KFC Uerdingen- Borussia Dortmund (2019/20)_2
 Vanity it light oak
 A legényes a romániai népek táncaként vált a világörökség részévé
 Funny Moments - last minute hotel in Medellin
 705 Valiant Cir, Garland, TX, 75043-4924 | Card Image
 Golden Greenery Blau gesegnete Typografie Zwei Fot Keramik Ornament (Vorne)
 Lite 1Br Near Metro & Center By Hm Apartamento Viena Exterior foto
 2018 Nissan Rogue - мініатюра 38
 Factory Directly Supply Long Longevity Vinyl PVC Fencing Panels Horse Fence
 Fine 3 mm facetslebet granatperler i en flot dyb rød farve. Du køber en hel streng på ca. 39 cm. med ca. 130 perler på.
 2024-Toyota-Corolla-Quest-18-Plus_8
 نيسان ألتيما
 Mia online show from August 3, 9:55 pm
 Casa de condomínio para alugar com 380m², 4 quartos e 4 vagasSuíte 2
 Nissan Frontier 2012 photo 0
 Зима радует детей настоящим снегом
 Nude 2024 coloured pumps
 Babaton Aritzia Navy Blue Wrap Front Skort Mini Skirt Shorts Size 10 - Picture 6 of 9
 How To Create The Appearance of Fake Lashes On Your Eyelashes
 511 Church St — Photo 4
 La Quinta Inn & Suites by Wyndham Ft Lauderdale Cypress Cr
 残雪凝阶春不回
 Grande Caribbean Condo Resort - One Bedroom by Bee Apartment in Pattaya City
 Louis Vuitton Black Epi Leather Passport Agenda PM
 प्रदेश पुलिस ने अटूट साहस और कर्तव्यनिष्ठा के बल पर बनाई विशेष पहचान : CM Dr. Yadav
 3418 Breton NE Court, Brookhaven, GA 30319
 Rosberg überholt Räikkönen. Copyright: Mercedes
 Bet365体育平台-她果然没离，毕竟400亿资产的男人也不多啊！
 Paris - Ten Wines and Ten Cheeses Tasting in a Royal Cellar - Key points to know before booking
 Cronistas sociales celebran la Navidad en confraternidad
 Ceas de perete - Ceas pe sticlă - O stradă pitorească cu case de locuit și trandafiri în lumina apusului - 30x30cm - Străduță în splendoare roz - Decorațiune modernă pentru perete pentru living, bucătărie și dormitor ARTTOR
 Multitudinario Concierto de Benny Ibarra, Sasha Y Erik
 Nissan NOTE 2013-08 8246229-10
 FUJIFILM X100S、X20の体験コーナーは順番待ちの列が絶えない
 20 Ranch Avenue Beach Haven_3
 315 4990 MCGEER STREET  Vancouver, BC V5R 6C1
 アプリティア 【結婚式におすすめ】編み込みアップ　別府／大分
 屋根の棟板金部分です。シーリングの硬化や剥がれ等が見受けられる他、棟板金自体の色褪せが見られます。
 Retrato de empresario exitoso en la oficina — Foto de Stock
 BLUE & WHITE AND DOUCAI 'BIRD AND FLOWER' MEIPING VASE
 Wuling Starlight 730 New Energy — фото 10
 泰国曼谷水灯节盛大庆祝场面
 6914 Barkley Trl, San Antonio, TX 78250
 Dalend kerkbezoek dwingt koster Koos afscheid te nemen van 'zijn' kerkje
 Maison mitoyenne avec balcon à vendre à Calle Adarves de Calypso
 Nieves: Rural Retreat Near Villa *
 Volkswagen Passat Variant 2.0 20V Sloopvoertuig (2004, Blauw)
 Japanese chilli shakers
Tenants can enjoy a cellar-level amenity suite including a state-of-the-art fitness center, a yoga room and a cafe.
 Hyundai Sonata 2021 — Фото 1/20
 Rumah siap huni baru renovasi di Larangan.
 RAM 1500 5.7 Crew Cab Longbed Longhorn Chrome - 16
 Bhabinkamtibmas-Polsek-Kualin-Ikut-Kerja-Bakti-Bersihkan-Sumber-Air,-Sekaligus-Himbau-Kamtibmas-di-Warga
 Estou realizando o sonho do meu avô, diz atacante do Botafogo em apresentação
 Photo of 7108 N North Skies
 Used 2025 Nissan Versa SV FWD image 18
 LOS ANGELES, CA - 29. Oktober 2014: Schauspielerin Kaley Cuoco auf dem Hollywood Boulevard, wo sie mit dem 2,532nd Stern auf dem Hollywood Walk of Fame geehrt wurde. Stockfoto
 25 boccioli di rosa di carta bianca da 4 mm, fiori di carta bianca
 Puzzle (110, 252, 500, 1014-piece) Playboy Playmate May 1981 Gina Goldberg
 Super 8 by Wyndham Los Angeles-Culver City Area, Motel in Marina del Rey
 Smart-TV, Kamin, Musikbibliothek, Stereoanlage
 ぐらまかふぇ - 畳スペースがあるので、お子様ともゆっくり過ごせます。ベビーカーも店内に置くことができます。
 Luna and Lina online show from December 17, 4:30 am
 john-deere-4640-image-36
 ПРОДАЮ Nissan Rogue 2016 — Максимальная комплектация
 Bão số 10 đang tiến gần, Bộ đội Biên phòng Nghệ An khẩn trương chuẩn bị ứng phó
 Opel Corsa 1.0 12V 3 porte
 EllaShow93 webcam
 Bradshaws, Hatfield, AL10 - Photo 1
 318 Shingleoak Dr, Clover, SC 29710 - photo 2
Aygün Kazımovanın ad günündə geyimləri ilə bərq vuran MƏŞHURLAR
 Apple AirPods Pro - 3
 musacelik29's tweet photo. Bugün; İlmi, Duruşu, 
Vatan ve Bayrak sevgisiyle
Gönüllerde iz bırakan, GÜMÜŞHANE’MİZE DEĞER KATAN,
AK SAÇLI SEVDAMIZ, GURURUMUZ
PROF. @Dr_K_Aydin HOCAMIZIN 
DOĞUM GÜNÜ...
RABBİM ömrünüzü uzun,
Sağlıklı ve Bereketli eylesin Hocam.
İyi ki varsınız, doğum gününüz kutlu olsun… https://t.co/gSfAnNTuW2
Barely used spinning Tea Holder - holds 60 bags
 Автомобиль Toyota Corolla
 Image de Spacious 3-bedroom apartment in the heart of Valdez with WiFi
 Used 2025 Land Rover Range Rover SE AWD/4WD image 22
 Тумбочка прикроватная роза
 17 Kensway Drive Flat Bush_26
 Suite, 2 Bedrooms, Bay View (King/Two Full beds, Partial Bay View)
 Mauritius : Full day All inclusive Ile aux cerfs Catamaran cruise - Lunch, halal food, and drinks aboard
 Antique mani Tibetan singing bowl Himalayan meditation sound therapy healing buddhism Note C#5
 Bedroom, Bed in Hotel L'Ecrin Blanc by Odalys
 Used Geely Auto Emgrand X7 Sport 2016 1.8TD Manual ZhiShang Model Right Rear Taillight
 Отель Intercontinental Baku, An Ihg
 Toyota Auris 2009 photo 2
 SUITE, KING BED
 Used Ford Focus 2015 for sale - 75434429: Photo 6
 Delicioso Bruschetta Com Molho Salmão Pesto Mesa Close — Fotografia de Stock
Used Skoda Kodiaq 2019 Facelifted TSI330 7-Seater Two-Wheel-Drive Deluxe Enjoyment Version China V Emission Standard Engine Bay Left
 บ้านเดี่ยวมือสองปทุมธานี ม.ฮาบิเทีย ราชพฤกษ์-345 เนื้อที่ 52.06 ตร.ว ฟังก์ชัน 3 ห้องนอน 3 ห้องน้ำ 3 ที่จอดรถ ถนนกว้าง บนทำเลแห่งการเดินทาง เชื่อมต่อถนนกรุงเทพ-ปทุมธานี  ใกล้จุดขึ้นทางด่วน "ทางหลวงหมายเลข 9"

* [Assignment]: From the first line of the data above to the line holding "Cronistas sociales celebran", reproduce each line exactly; emit no other lines.

* [Response area]:
KFC Uerdingen- Borussia Dortmund (2019/20)_2
 Vanity it light oak
 A legényes a romániai népek táncaként vált a világörökség részévé
 Funny Moments - last minute hotel in Medellin
 705 Valiant Cir, Garland, TX, 75043-4924 | Card Image
 Golden Greenery Blau gesegnete Typografie Zwei Fot Keramik Ornament (Vorne)
 Lite 1Br Near Metro & Center By Hm Apartamento Viena Exterior foto
 2018 Nissan Rogue - мініатюра 38
 Factory Directly Supply Long Longevity Vinyl PVC Fencing Panels Horse Fence
 Fine 3 mm facetslebet granatperler i en flot dyb rød farve. Du køber en hel streng på ca. 39 cm. med ca. 130 perler på.
 2024-Toyota-Corolla-Quest-18-Plus_8
 نيسان ألتيما
 Mia online show from August 3, 9:55 pm
 Casa de condomínio para alugar com 380m², 4 quartos e 4 vagasSuíte 2
 Nissan Frontier 2012 photo 0
 Зима радует детей настоящим снегом
 Nude 2024 coloured pumps
 Babaton Aritzia Navy Blue Wrap Front Skort Mini Skirt Shorts Size 10 - Picture 6 of 9
 How To Create The Appearance of Fake Lashes On Your Eyelashes
 511 Church St — Photo 4
 La Quinta Inn & Suites by Wyndham Ft Lauderdale Cypress Cr
 残雪凝阶春不回
 Grande Caribbean Condo Resort - One Bedroom by Bee Apartment in Pattaya City
 Louis Vuitton Black Epi Leather Passport Agenda PM
 प्रदेश पुलिस ने अटूट साहस और कर्तव्यनिष्ठा के बल पर बनाई विशेष पहचान : CM Dr. Yadav
 3418 Breton NE Court, Brookhaven, GA 30319
 Rosberg überholt Räikkönen. Copyright: Mercedes
 Bet365体育平台-她果然没离，毕竟400亿资产的男人也不多啊！
 Paris - Ten Wines and Ten Cheeses Tasting in a Royal Cellar - Key points to know before booking
 Cronistas sociales celebran la Navidad en confraternidad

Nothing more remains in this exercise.